How and Why it Works

• Define a bit array, bit_ar of constant size. This array will be used identify whether or not a hash index is occupied.

• Define a constant number of different hash functions.

• Inserting element into a set:

  • For every hash function h_i bit_ar[h_i(elm)] = 1

• Now when we try to check if something exists, we iterate through the list of hash functions. If any of them return 0, then we know for a fact that it doesn't exist within the set because the hash functions do not change and when an element is inserted every hash function by the minimum must acknowledge it. If all return 1, then the element exists to some degree of high probability.

• Checking whether an element exists in a set is a lot like have the right key to a lock. Maybe the key will only partially go through, but the moment a cut of the key does not fit the bounds of the lock, it will stop and not go through.

Key Insights

• Blooms filters cannot tell you that an item is definitely within the set. Only possibly, and definitely not.

• No support for removals. This is because hash functions can index to the same value over different inputs. Removals would then imply the removals of possibly more than one other object.

• As the number of elements take get inserted into the bloom filter increases, so the probability of retrieving a false positive. Additionally, the more hash functions we iterate through, the greater chance we will have a collision, and therefore increase the probability of false positives.

  • There is a sweet spot that is based off the number of items to be placed into the filter.

  • If $n$ is number of planned items to be inserted, and $p$ is acceptable probability of false positive rates, then $m = \frac{nln(p)}{ln(2)^2}$ and $k=\frac{m}{n}ln(2)$ where $m$ is the optimal array size and $k$ is the optimal number of hash functions.

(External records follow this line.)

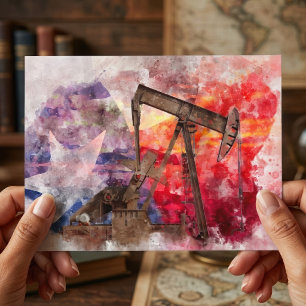 Carte Postale Pumpjack Texan icône aquarelle avec Texas Flag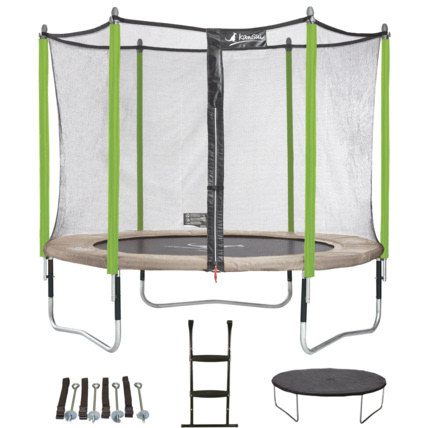 Avis Trampoline de jardin 305 cm + filet + échelle + bâche + kit d'ancrage Kangui 1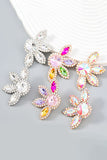 Alloy Rhinestone Floral Decor Dangle Earrings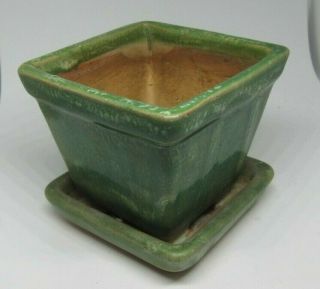 Square Bonsai Pot Container Vintage Japan Japanese Pottery Green W/tray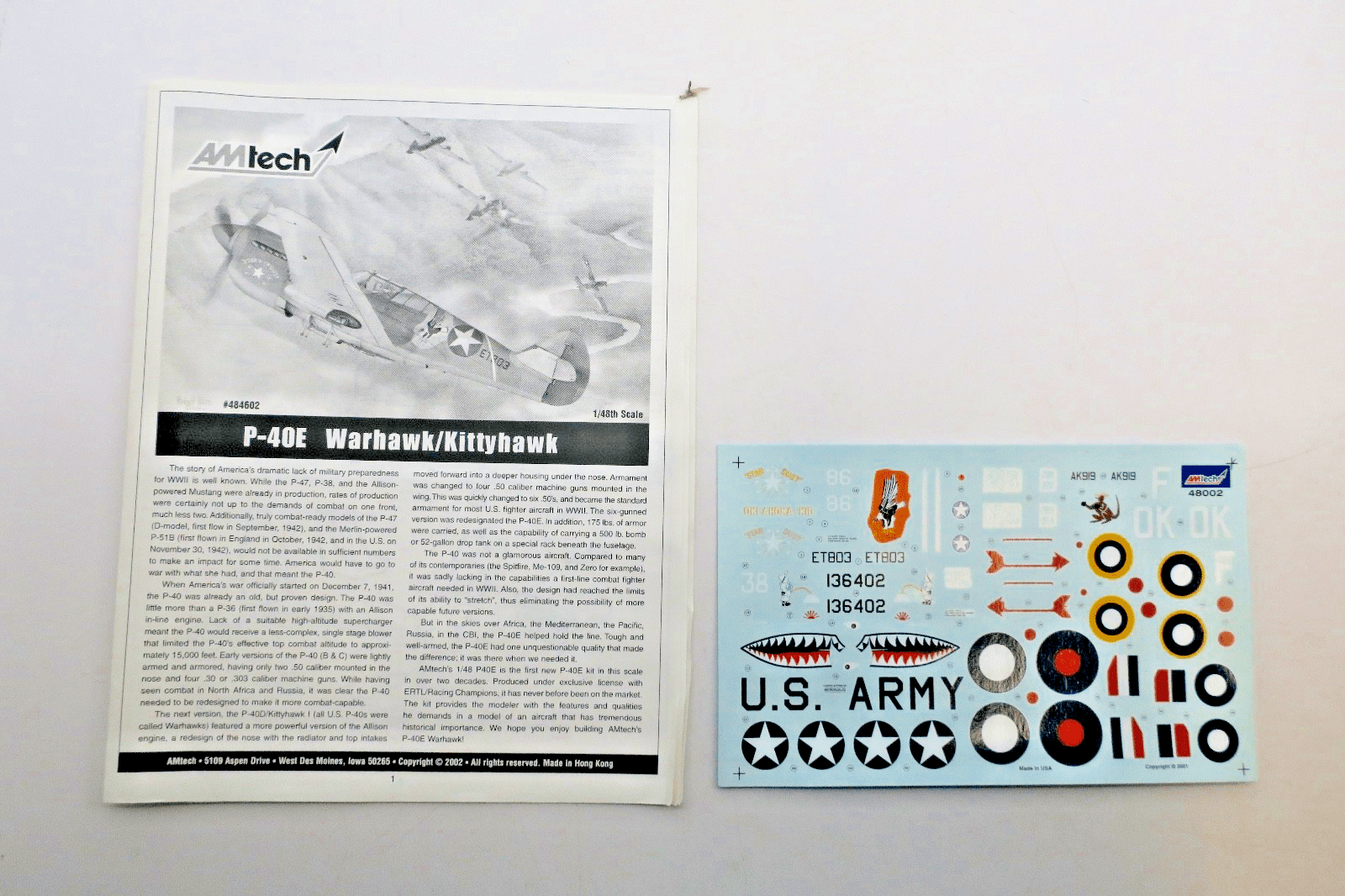 AM Tech 1/48 P - 40E "Warhawk/Kittyhawk" Model Kit 484602 - WISE GUYS HOBBIES LLC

• Hash functions are ideally independent (not related with each other), uniformally distributed (minimize collisions), and fast (of course).

The Maths

For our purposes, let

k = number of hash functions
m = number of added items
n = table size 
p = false probability threshold

For a single hash, the probability that it does not index to some random index j is $P(h_i(x)) \neq j = (1 - \frac{1}{n})$. This is because we are assumming uniformity in our hash function, so if each index has the same probability to get hashed to, it would be $\frac{1}{n}$, where $n$ is the table_size.

Generalizing this to $k$ amount of hash functions and each of which are called upon $m$ amount of times. The probability that the same arbitrary index j gets hashed becomes $P(h_{i...k}(x)) \neq j = (1 - \frac{1}{n})^{km}$. This is the same as multiplying the previous probability to itself $km$ times because each hash is completely independent from the next.

Next some calculus and algebraic simplification. $(1 - \frac{1}{n})^n$ can be reduced to $\frac{1}{e}$ when n is very large (take the limit as n approaches infinity). $(1-\frac{1}{n})^{km} = ((1-\frac{1}{n})^n)^{\frac{km}{n}} = \frac{1}{e}^{\frac{km}{n}} = e^{\frac{-km}{n}}$

To find the probability of a false positive (when the bloom filter reports that an element exists in the set when it does not), we take our probability from before, but negate it for $k$ amount of hash functions. This is because a false positive can only occur when some bit index $j$ is set for all $k$ hash functions, and that is all it takes. So our probability for a false positive becomes $(1-e^{\frac{-km}{n}})^k$.

We can see that decreasing k and increasing n lowers the probability of false positives because of a lower chance of overlap.